In 2003, the South African Law Reform Commission began considering the need for new data protection
legislation. In 2009, it introduced the Protection of Personal Information Bill to the National
Assembly. The bill cleared the National Assembly in August 2013, and President Zuma signed the bill in
November 2013. It will enter into effect one year after the commencement date, which is expected within
the first six months of 2014.
OTHER BARRIERS
Several laws have been enacted in the last decade and a half to increase transparency and reduce
corruption in South Africa’s government, although some of the laws suffer from deficiencies. For
example, the 2000 Protected Disclosures Act, intended to protect whistleblowers, is limited by a
stipulation that a whistleblower is protected only in disclosing information regarding his or her employer;
the same protection does not apply if the whistleblower discloses information about an organization with
which his or her employer has a contract. In 2013, in a step said to take the government away from
greater transparency, South Africa’s Parliament passed a controversial “Protection of State Information
Bill” to regulate the classification, protection, and dissemination of state information. The bill has been
criticized by academics, civil society groups, international organizations, and the media as limiting
transparency and freedom of expression. Critics do acknowledge, however, that the latest version of the
bill is vastly superior to the first proposed version, and that many of their recommendations for changes to
the bill have been made. While President Zuma returned the bill to Parliament for technical changes, it is
expected to become law during 2014, after which it will likely face a Constitutional challenge.

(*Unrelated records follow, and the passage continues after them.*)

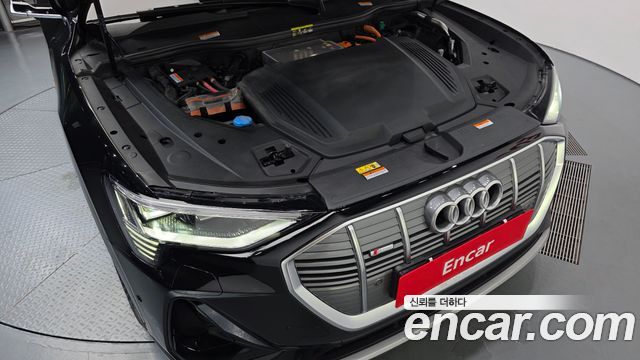 Audi e-tron 2022 — photo 6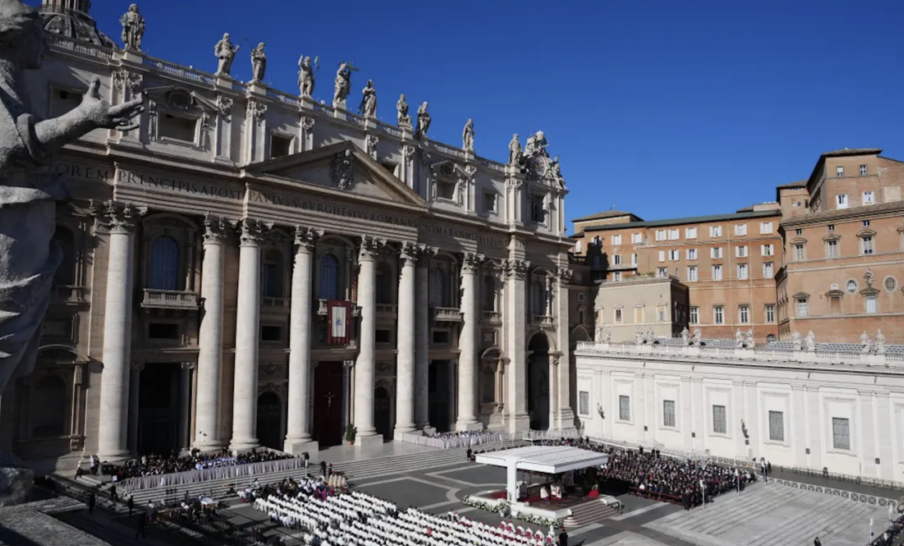 Vaticano rechaza ampliar participación de mujeres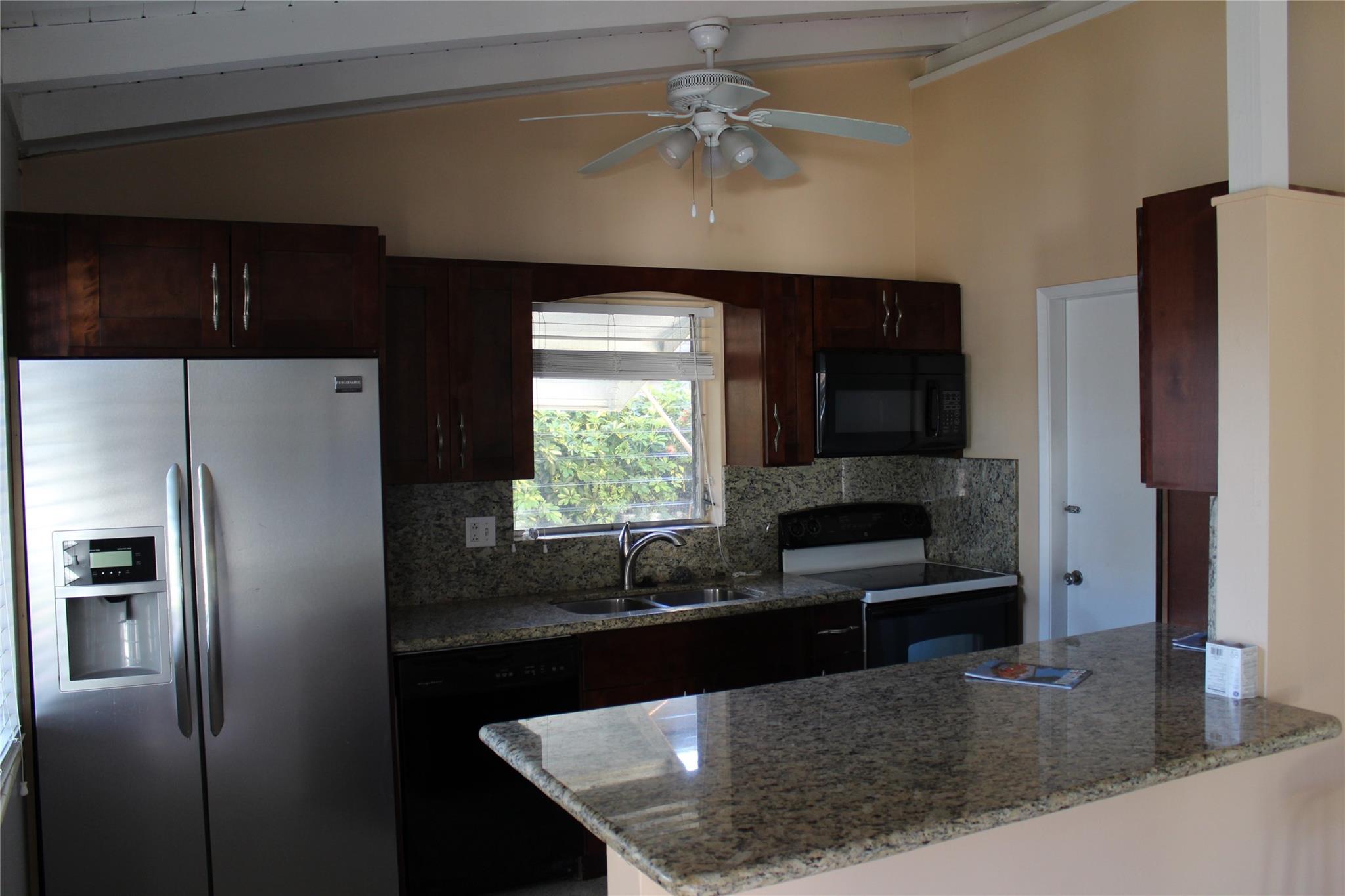 Gill Isles 44-13 B - Residential Lease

The implementation of transparency and anticorruption law suffers from challenges. South Africa has
more than 10 agencies engaged in anticorruption activities, such as the Public Service Commission, the
Office of the Public Protector, and the Office of the Auditor-General, that are constitutionally mandated
to address corruption as part of their responsibilities. However, high rates of violent crime strain overall
law enforcement capacity and make it difficult for South African criminal and judicial entities to dedicate
adequate resources to anticorruption efforts. A number of high-level officials were investigated for
corruption during 2013, including former Communications Minister Dina Pule. Pule is alleged to have
funneled several contracts and government resources to her partner through the International
Communications Technology Indaba (tradeshow). Pule was removed as Minister of Communications but
retains her position in Parliament.
Labor Constraints
Companies in many economic sectors experience difficulty in recruiting because of skills shortages and
emigration of skilled workers. Businesses also allege certain labor laws are too stringent and limit job
creation and expansion. For a number of years, U.S. and other foreign companies have complained about
the difficult procedures for obtaining temporary work permits for their skilled foreign employees.